The current census paperwork encompasses 41 questions, making up a document that the ICG believes to be overly complicated.

However even a simplified undertaking may well be beyond the government’s reach, particularly when it comes to surveying people in frontier areas so accustomed to mistreatment by Burmese government forces.

Saw Tin Htwe Yee, a village administrator in the Shan town of Khaung Taing, told the United Nations Population Fund that census enumerators have been told to wear civilian clothes in order to play down people’s fear of uniformed officials.

This shows a clear recognition on the government’s part of the uneasy relationship they hold with some people, particularly in ethnic areas in eastern Burma, where the population has suffered amidst government clashes with armed independence groups.

Director-General of Burma’s Population Department Myint Kyaing is out to calm nerves. “People have a right to say their real national race and the name of the national race they said will be documented.

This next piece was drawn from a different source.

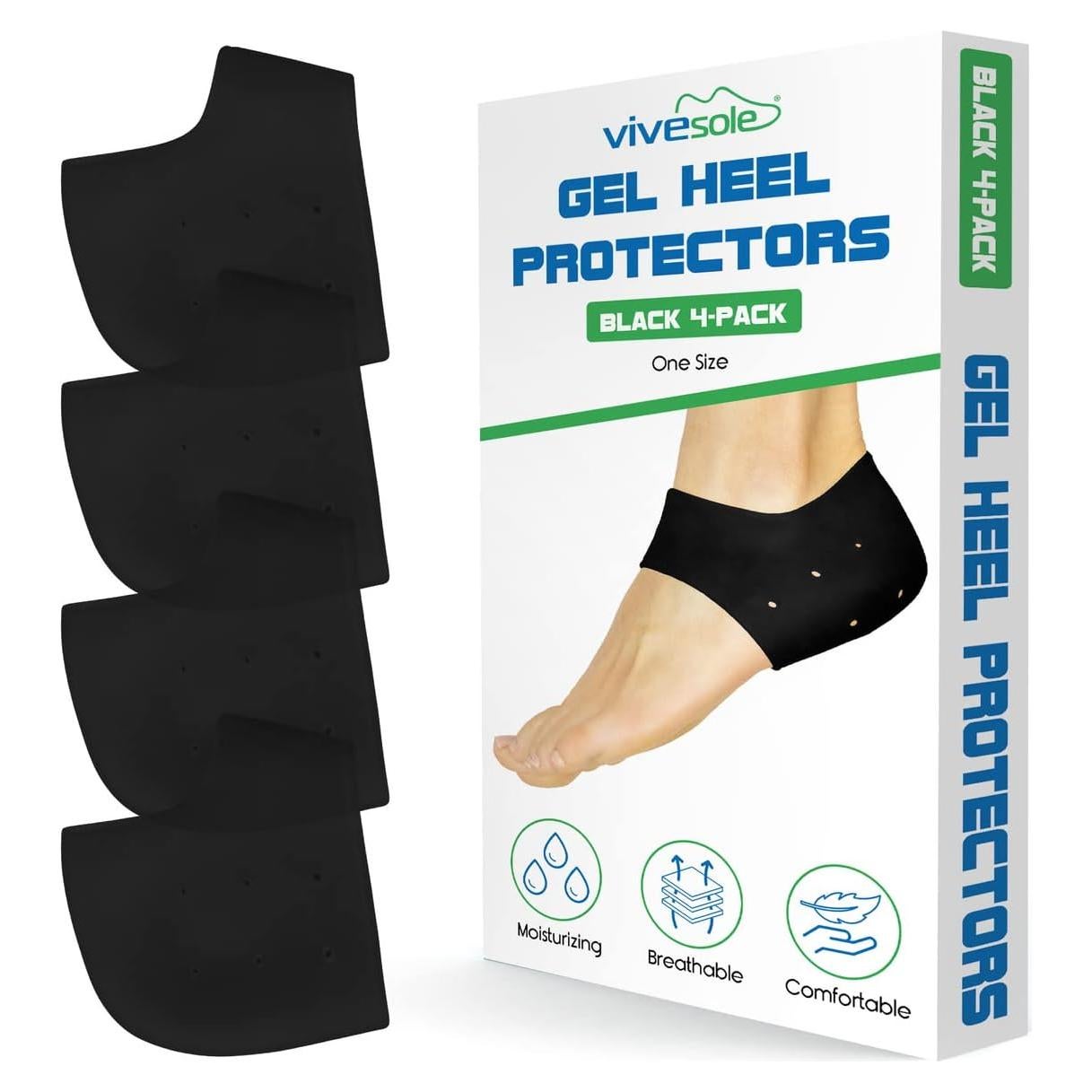 Protectores de Talón de Silicona ViveSole - 2 Pares - Alivio para Ampollas y Fascitis Plantar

“When the process is over, there will be a discussion on collected facts and figures with the participation of everyone,” Myint Kyaing said.

Whether people will be willing to cooperate is yet to be seen.

Sheng Shadan, of the Kachin Women’s Association of Thailand, an organisation that has documented scores of attacks on Kachin women by the Burmese military, told DVB that women in Kachin State might be reluctant to provide personal and family details pertaining to their religion and ethnicity, as women from minorities have been the targets of past violence.

“Women from the city, they might want to provide information about their religion or ethnicity, but women from conflict areas — they will be reluctant to provide information for security reasons.” Sheng Shadan said.